• [SOURCE DATA]:
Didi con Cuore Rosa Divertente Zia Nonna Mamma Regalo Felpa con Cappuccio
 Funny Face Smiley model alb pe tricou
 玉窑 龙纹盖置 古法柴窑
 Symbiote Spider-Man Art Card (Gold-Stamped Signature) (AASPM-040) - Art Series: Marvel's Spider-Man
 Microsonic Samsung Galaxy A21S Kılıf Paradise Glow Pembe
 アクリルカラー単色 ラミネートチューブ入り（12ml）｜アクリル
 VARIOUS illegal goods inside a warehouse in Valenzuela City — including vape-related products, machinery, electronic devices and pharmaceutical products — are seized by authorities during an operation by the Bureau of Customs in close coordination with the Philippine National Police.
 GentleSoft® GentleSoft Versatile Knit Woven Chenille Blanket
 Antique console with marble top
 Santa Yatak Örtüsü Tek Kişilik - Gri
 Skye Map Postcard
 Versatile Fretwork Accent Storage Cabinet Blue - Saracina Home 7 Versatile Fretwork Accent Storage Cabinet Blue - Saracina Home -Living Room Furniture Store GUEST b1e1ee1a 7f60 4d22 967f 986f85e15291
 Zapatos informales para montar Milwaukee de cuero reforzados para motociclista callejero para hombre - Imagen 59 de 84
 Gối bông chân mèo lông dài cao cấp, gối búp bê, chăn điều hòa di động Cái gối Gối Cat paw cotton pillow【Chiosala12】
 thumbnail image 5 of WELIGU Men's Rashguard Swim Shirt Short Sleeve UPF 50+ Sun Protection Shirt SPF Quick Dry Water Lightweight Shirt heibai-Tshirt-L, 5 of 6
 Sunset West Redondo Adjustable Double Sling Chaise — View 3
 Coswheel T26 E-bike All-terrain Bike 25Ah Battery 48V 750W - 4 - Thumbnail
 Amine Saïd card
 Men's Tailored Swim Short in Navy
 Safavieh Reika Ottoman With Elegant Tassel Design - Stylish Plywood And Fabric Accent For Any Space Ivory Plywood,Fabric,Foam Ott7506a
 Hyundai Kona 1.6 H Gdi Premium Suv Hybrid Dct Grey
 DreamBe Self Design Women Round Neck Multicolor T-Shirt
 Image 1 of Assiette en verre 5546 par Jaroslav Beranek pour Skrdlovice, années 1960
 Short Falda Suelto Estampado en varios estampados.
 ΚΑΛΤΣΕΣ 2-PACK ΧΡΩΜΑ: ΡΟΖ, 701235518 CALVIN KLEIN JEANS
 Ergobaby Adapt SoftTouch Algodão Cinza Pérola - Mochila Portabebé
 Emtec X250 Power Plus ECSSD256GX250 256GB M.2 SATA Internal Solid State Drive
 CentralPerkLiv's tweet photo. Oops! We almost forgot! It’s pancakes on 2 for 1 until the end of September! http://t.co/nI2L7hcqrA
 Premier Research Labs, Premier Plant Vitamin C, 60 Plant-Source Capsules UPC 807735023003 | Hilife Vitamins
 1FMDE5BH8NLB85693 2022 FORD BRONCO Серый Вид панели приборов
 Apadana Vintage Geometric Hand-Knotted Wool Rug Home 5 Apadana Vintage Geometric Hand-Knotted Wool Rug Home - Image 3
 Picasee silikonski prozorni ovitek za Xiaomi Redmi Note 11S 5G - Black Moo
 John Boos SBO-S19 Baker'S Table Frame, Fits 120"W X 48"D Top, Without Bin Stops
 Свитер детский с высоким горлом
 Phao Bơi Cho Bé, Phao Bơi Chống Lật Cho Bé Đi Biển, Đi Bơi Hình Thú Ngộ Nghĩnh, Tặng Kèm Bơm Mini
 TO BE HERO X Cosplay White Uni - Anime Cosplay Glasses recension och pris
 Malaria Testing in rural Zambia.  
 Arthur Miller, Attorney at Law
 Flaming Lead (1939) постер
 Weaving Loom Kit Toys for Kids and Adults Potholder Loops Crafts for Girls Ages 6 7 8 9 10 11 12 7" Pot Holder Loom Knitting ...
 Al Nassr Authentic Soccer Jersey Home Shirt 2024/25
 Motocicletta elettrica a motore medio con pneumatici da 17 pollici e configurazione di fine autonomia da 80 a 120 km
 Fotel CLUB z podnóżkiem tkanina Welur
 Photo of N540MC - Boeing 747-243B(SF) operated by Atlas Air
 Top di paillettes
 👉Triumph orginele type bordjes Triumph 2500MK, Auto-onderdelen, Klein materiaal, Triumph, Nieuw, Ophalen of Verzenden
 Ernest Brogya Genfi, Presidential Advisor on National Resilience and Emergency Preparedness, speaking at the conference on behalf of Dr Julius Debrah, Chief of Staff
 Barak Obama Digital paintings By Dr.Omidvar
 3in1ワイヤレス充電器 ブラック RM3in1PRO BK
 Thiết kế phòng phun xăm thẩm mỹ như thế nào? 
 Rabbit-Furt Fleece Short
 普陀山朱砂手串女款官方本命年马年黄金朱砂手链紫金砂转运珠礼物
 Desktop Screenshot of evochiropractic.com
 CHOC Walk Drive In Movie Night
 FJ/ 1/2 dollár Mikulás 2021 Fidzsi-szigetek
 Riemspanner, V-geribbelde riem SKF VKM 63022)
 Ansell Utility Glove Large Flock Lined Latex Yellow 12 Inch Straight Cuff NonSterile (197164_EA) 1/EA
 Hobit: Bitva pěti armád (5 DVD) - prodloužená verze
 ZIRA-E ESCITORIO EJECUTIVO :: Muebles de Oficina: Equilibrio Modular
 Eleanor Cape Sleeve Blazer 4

• [WHAT TO DO]:
Print out the records exactly as they were entered.

• [YOUR RESPONSE]:
Didi con Cuore Rosa Divertente Zia Nonna Mamma Regalo Felpa con Cappuccio
 Funny Face Smiley model alb pe tricou
 玉窑 龙纹盖置 古法柴窑
 Symbiote Spider-Man Art Card (Gold-Stamped Signature) (AASPM-040) - Art Series: Marvel's Spider-Man
 Microsonic Samsung Galaxy A21S Kılıf Paradise Glow Pembe
 アクリルカラー単色 ラミネートチューブ入り（12ml）｜アクリル
 VARIOUS illegal goods inside a warehouse in Valenzuela City — including vape-related products, machinery, electronic devices and pharmaceutical products — are seized by authorities during an operation by the Bureau of Customs in close coordination with the Philippine National Police.
 GentleSoft® GentleSoft Versatile Knit Woven Chenille Blanket
 Antique console with marble top
 Santa Yatak Örtüsü Tek Kişilik - Gri
 Skye Map Postcard
 Versatile Fretwork Accent Storage Cabinet Blue - Saracina Home 7 Versatile Fretwork Accent Storage Cabinet Blue - Saracina Home -Living Room Furniture Store GUEST b1e1ee1a 7f60 4d22 967f 986f85e15291
 Zapatos informales para montar Milwaukee de cuero reforzados para motociclista callejero para hombre - Imagen 59 de 84
 Gối bông chân mèo lông dài cao cấp, gối búp bê, chăn điều hòa di động Cái gối Gối Cat paw cotton pillow【Chiosala12】
 thumbnail image 5 of WELIGU Men's Rashguard Swim Shirt Short Sleeve UPF 50+ Sun Protection Shirt SPF Quick Dry Water Lightweight Shirt heibai-Tshirt-L, 5 of 6
 Sunset West Redondo Adjustable Double Sling Chaise — View 3
 Coswheel T26 E-bike All-terrain Bike 25Ah Battery 48V 750W - 4 - Thumbnail
 Amine Saïd card
 Men's Tailored Swim Short in Navy
 Safavieh Reika Ottoman With Elegant Tassel Design - Stylish Plywood And Fabric Accent For Any Space Ivory Plywood,Fabric,Foam Ott7506a
 Hyundai Kona 1.6 H Gdi Premium Suv Hybrid Dct Grey
 DreamBe Self Design Women Round Neck Multicolor T-Shirt
 Image 1 of Assiette en verre 5546 par Jaroslav Beranek pour Skrdlovice, années 1960
 Short Falda Suelto Estampado en varios estampados.
 ΚΑΛΤΣΕΣ 2-PACK ΧΡΩΜΑ: ΡΟΖ, 701235518 CALVIN KLEIN JEANS
 Ergobaby Adapt SoftTouch Algodão Cinza Pérola - Mochila Portabebé
 Emtec X250 Power Plus ECSSD256GX250 256GB M.2 SATA Internal Solid State Drive
 CentralPerkLiv's tweet photo. Oops! We almost forgot! It’s pancakes on 2 for 1 until the end of September! http://t.co/nI2L7hcqrA
 Premier Research Labs, Premier Plant Vitamin C, 60 Plant-Source Capsules UPC 807735023003 | Hilife Vitamins
 1FMDE5BH8NLB85693 2022 FORD BRONCO Серый Вид панели приборов
 Apadana Vintage Geometric Hand-Knotted Wool Rug Home 5 Apadana Vintage Geometric Hand-Knotted Wool Rug Home - Image 3
 Picasee silikonski prozorni ovitek za Xiaomi Redmi Note 11S 5G - Black Moo
 John Boos SBO-S19 Baker'S Table Frame, Fits 120"W X 48"D Top, Without Bin Stops
 Свитер детский с высоким горлом
 Phao Bơi Cho Bé, Phao Bơi Chống Lật Cho Bé Đi Biển, Đi Bơi Hình Thú Ngộ Nghĩnh, Tặng Kèm Bơm Mini
 TO BE HERO X Cosplay White Uni - Anime Cosplay Glasses recension och pris
 Malaria Testing in rural Zambia.  
 Arthur Miller, Attorney at Law
 Flaming Lead (1939) постер
 Weaving Loom Kit Toys for Kids and Adults Potholder Loops Crafts for Girls Ages 6 7 8 9 10 11 12 7" Pot Holder Loom Knitting ...
 Al Nassr Authentic Soccer Jersey Home Shirt 2024/25
 Motocicletta elettrica a motore medio con pneumatici da 17 pollici e configurazione di fine autonomia da 80 a 120 km
 Fotel CLUB z podnóżkiem tkanina Welur
 Photo of N540MC - Boeing 747-243B(SF) operated by Atlas Air
 Top di paillettes
 👉Triumph orginele type bordjes Triumph 2500MK, Auto-onderdelen, Klein materiaal, Triumph, Nieuw, Ophalen of Verzenden
 Ernest Brogya Genfi, Presidential Advisor on National Resilience and Emergency Preparedness, speaking at the conference on behalf of Dr Julius Debrah, Chief of Staff
 Barak Obama Digital paintings By Dr.Omidvar
 3in1ワイヤレス充電器 ブラック RM3in1PRO BK
 Thiết kế phòng phun xăm thẩm mỹ như thế nào? 
 Rabbit-Furt Fleece Short
 普陀山朱砂手串女款官方本命年马年黄金朱砂手链紫金砂转运珠礼物
 Desktop Screenshot of evochiropractic.com
 CHOC Walk Drive In Movie Night
 FJ/ 1/2 dollár Mikulás 2021 Fidzsi-szigetek
 Riemspanner, V-geribbelde riem SKF VKM 63022)
 Ansell Utility Glove Large Flock Lined Latex Yellow 12 Inch Straight Cuff NonSterile (197164_EA) 1/EA
 Hobit: Bitva pěti armád (5 DVD) - prodloužená verze
 ZIRA-E ESCITORIO EJECUTIVO :: Muebles de Oficina: Equilibrio Modular
 Eleanor Cape Sleeve Blazer 4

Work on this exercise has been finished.